Ich denke, da liegst du mit deiner Vermutung richtig. Es ist auch für mich als Betroffene schwierig damit umzugehen, wenn man jeden kleinen Piep als Druck empfindet. Das sind oft auch Sachen, wo ich auch vom Kopf her weiß, dass es mir keinen Druck machen sollte, und auch niemand auf die Idee kommt, dass das für mich Druck sein könnte. Manchmal nehme ich es auch nicht so wirklcih wahr, dass irgendwas mich stresst und irgendwann wird es dann zu viel.
Adorno hat geschrieben:
Ich finde, dass es sehr beängstigend ist, wenn man den Moment nicht mehr genießen kann sondern denkt, wie lange das wohl anhalten wird... das kennen ich nur allzu gut. Ich glaube, dass das wirklich mit den größten Schaden für alle anrichtet und einen auch verkümmern lassen kann.
Das kenne ich als Betroffene leider sehr, sehr gut. Vor allem je länger man schon mit Depressionen zu kämpfen hat, desto öfter hat man erfahren, dass gute Momente sehr schnell wieder vorbei sein können. Man hofft natürlich immer, dass es diesmal länger dauert, und hat Angst, dass der Moment gleich wieder vorbei ist. Für mich ist es auch immer, wenn es mir mal in einem Moment ziemlich gut geht, ein Balanceakt, weil ich permament damit beschäftigt bin, zu schauen, dass meine gute Stimmung nicht kippt, ständig auf meinen Körper und meine Gefühle achte, damit ich mich nicht doch übernehme, um den guten Moment so lange wie möglich zu behalten. Und gleichzeitig soll/will man den Moment ja eigentlich auch einfach genießen... Aber wenn man einfach weiß, wie schnell sowas kippt und dann wieder alles fürchterlich ist... Sowas nimmt einem dann in den guten Momenten die Gelassenheit, Unbeschwertheit (die man als Depressiver ja eigentlich eh nicht hat, die man aber dringend brauchen würde, weil sie einem wirklich gut tun würde) und so lebt man immer mit angezogener Handbremse.

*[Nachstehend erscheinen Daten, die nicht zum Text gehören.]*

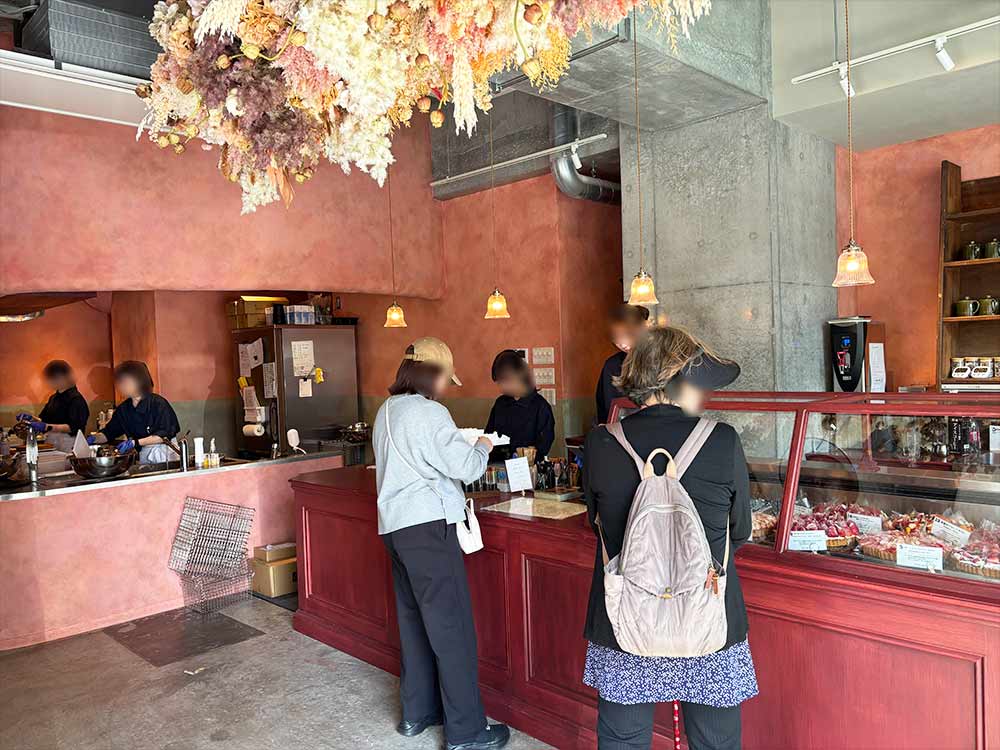 プリンセスタルトの内観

Ich hab mal im Internet ein paar Grafiken zum Thema Depression gesehen, keine richtigen Statistiken mit Zahlen usw., sondern humorvoll gemeinte. Da war auch ein Kreisdiagramm dabei, das war aufgeteilt in einen seeeehr großen Teil, so 80-90%, und einem dementsprechend sehr kleinen Teil. Darüber stand: Wie man einen guten Tage verbringt.
Beim kleinen Teil stand:" ihn genießen", beim großen Teil stand: "sich darüber Sorgen machen, wie lange er anhalten wird." Das triffts ziemlich gut. Nicht nur als Angehörige hat man das Problem, wir Betroffene haben genau das gleiche.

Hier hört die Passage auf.